Last updated: June 2026

Triangle

Riding an Indian bred (Marwari) horse with tell tail trait of touching ears near Islamabad.

Twice while I was growing up, the house we lived in in Islamabad was hit. First by a bullet which came through my bedroom window. Later, the as unrest over ‘blasphemous cartoons’ erupted and the blast wave from and attack in the Danish Embassy blew one of the windows in. The house came with my father's posting as defence adviser at the British High Commission, and not long after the Danish embassy attack my parents were moved to a different location to get away from the Norwegian embassy (as the cartoons had also been published in Norway).   Unfortunately, that house was closer to the Marriot Hotel which soon suffered a much larger truck bombing. This blew in the heavy front door and damaged many windows.  This was the backdrop to my late teens and early twenties: home was a city where the news I watched on television was happening at the end of the street. 

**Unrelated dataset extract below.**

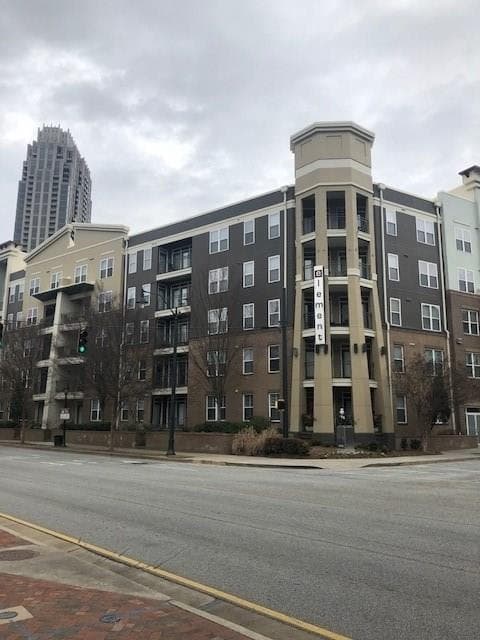 390 NW 17th Street Street 2005, Atlanta, GA 30363 — most recent listing photo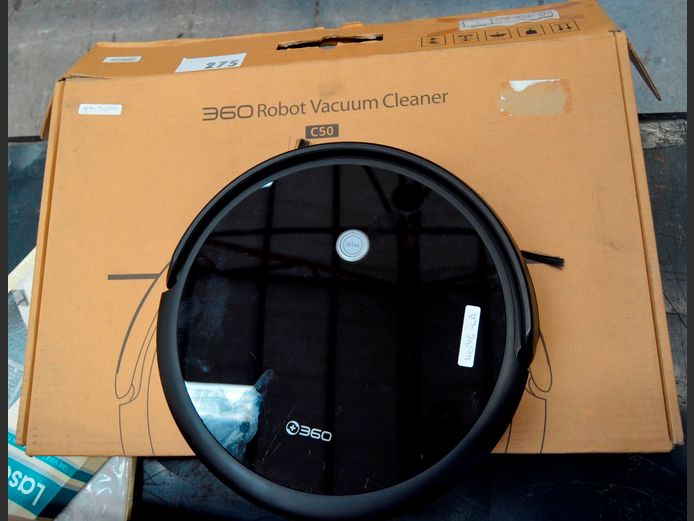 C50 360 ROBOT VAC [Switches on]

I could have kept my distance, stayed in the UK during university holidays. Plenty of people would have. Instead, between the ages of 17 and 21, with the curiosity, and frankly, the blissful naivety of someone that age, I wanted to experience it. I wanted to understand the context, not just survive it. 

That choice set the direction of my whole career, and it taught me the thing this whole piece is about: that storytelling is not a nice-to-have. It is the mechanism that decides whether complex science and technology is understood, trusted and adopted, or quietly ignored. Here is how a posting on the edge of a conflict, a maths degree and a centuries-old tribal code taught me why. 

The unlikely combination 

I was studying maths and statistics, but I had a pull towards human behaviour and culture that was every bit as strong as the pull towards numbers. A mathematician’s head and an anthropologist's curiosity do not usually share a brain. 

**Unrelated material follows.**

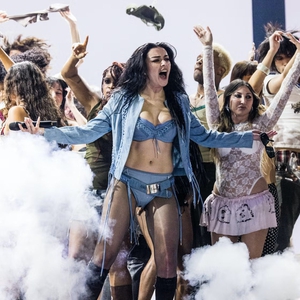 &ldquo;Lantai Dansa Sudah Mati&rdquo;&mdash;Charli XCX Sedang Membuat Album Rock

But, after some tough work convincing my tutors, I built my own way to feed both. I added cultural and regional modules on top of my core degree. In Pakistan, I didn’t want to be there simply as a visiting officer’s daughter, so I secured a job as a research assistant at Bahria University. I wanted a reason to be there that I had earned, and a way into the culture on my own terms. 

A code that lives in stories 

I spent time trying to understand the Pashtun culture of the tribal areas, the real version rather than the flattened one in the headlines. I rode out with locals, including the famously hospitable Prince Malik Ata, a man I bonded with over horses long before I understood the politics around me. I was wide-eyed and out of my depth, and it remains one of the most mind-opening experiences of my life. 

But, I’ve since realised, that what I found became a lens I have used ever since.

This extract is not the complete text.